----- Extracted data -----
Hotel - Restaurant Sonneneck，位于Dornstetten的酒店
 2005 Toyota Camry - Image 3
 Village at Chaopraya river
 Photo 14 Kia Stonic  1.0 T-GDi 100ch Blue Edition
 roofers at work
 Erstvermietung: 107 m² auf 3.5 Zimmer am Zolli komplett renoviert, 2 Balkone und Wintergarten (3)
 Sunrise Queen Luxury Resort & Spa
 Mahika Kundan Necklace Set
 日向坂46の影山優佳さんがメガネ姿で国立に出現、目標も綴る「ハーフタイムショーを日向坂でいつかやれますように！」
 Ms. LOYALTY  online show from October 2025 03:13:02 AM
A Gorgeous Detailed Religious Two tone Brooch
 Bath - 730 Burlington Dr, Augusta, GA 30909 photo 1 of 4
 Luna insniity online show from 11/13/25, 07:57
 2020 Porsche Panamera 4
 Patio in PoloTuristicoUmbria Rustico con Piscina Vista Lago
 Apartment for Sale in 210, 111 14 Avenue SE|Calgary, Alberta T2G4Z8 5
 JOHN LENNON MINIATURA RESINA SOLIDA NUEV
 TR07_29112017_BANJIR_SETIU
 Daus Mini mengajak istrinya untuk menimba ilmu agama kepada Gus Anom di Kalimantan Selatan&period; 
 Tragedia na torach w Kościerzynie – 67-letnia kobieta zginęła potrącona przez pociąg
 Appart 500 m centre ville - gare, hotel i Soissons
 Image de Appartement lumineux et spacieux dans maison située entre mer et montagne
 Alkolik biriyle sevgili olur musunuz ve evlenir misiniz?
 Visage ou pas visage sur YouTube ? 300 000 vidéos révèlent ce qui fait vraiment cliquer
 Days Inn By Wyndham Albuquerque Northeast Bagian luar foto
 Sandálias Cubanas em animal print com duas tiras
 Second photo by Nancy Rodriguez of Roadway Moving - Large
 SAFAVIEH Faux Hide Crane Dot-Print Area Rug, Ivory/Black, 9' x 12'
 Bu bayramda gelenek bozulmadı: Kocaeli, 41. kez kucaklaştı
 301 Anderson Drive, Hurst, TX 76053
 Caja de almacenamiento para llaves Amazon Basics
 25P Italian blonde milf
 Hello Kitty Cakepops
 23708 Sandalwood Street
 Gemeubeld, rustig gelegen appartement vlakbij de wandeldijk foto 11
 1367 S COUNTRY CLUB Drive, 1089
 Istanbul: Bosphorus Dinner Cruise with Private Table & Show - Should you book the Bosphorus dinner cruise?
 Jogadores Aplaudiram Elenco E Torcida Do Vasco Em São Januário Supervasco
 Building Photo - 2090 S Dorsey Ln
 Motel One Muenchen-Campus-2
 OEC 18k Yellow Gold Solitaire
-----
● Task statement
Each line above should be copied exactly, with no line missing.

● Output below
Hotel - Restaurant Sonneneck，位于Dornstetten的酒店
 2005 Toyota Camry - Image 3
 Village at Chaopraya river
 Photo 14 Kia Stonic  1.0 T-GDi 100ch Blue Edition
 roofers at work
 Erstvermietung: 107 m² auf 3.5 Zimmer am Zolli komplett renoviert, 2 Balkone und Wintergarten (3)
 Sunrise Queen Luxury Resort & Spa
 Mahika Kundan Necklace Set
 日向坂46の影山優佳さんがメガネ姿で国立に出現、目標も綴る「ハーフタイムショーを日向坂でいつかやれますように！」
 Ms. LOYALTY  online show from October 2025 03:13:02 AM
A Gorgeous Detailed Religious Two tone Brooch
 Bath - 730 Burlington Dr, Augusta, GA 30909 photo 1 of 4
 Luna insniity online show from 11/13/25, 07:57
 2020 Porsche Panamera 4
 Patio in PoloTuristicoUmbria Rustico con Piscina Vista Lago
 Apartment for Sale in 210, 111 14 Avenue SE|Calgary, Alberta T2G4Z8 5
 JOHN LENNON MINIATURA RESINA SOLIDA NUEV
 TR07_29112017_BANJIR_SETIU
 Daus Mini mengajak istrinya untuk menimba ilmu agama kepada Gus Anom di Kalimantan Selatan&period; 
 Tragedia na torach w Kościerzynie – 67-letnia kobieta zginęła potrącona przez pociąg
 Appart 500 m centre ville - gare, hotel i Soissons
 Image de Appartement lumineux et spacieux dans maison située entre mer et montagne
 Alkolik biriyle sevgili olur musunuz ve evlenir misiniz?
 Visage ou pas visage sur YouTube ? 300 000 vidéos révèlent ce qui fait vraiment cliquer
 Days Inn By Wyndham Albuquerque Northeast Bagian luar foto
 Sandálias Cubanas em animal print com duas tiras
 Second photo by Nancy Rodriguez of Roadway Moving - Large
 SAFAVIEH Faux Hide Crane Dot-Print Area Rug, Ivory/Black, 9' x 12'
 Bu bayramda gelenek bozulmadı: Kocaeli, 41. kez kucaklaştı
 301 Anderson Drive, Hurst, TX 76053
 Caja de almacenamiento para llaves Amazon Basics
 25P Italian blonde milf
 Hello Kitty Cakepops
 23708 Sandalwood Street
 Gemeubeld, rustig gelegen appartement vlakbij de wandeldijk foto 11
 1367 S COUNTRY CLUB Drive, 1089
 Istanbul: Bosphorus Dinner Cruise with Private Table & Show - Should you book the Bosphorus dinner cruise?
 Jogadores Aplaudiram Elenco E Torcida Do Vasco Em São Januário Supervasco
 Building Photo - 2090 S Dorsey Ln
 Motel One Muenchen-Campus-2
 OEC 18k Yellow Gold Solitaire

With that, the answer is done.